L’adoption commerciale de la DDR5 a débuté en 2021 et s’est généralisée comme nouveau standard. Samsung Electronics, SK Hynix et Micron entament discrètement les premières phases de développement de la DDR6, successeur de la DDR5. Les fabricants de substrats reçoivent déjà les plans pour fabriquer des prototypes et effectuer des tests de validation.
Pourquoi la DDR6 change la donne ?
La DDR6 devrait au moins doubler les vitesses de transfert de données de la DDR5, limitée actuellement à 8,4 Gbps. Ce bond en avant boostera nettement les performances globales.

Ces hautes vitesses posent des défis sur l’intégrité du signal et l’efficacité énergétique. Les fabricants de substrats interviennent dès le départ pour les relever.
Quand l’attendre sur le marché ?
Pas avant longtemps. L’organisme JEDEC n’a pas encore bouclé la spécification DDR6. Un projet de norme a paru fin 2024, mais des aspects comme l’épaisseur, le nombre de ports E/S et les normes de signal restent en discussion. La production de masse ne démarrera qu’en 2028 ou 2029, une fois la demande des clients précisée.
L’essor de l’IA motive ce développement.
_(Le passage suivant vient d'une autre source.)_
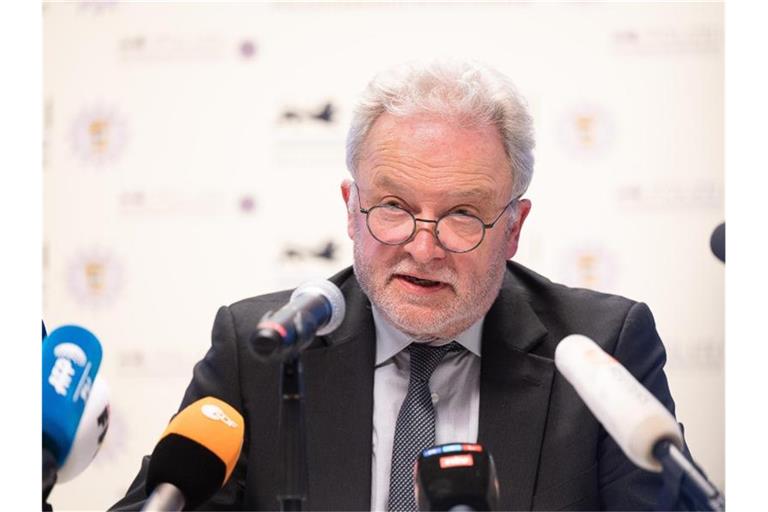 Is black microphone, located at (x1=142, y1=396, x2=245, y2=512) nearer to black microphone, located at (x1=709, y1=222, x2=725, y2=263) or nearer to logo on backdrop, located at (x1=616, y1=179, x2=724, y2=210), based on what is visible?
black microphone, located at (x1=709, y1=222, x2=725, y2=263)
Les serveurs IA exigent une mémoire plus rapide et une bande passante accrue. La DDR4, née en 2014, disparaît peu à peu. La DDR5 représente plus de 80 % des livraisons de DRAM pour serveurs, la DDR4 tombant sous 20 % et risquant l’arrêt.

Les avancées sur la DDR6 profitent au secteur, mais son adoption dépendra du prix. L’IA a fait grimper les tarifs de la RAM de façon spectaculaire, et la DDR6 arrivera à un coût élevé.
Les études prévoient une baisse des coûts de RAM et de stockage dès 2027, ce qui pourrait stabiliser les tarifs avant l’arrivée de la DDR6.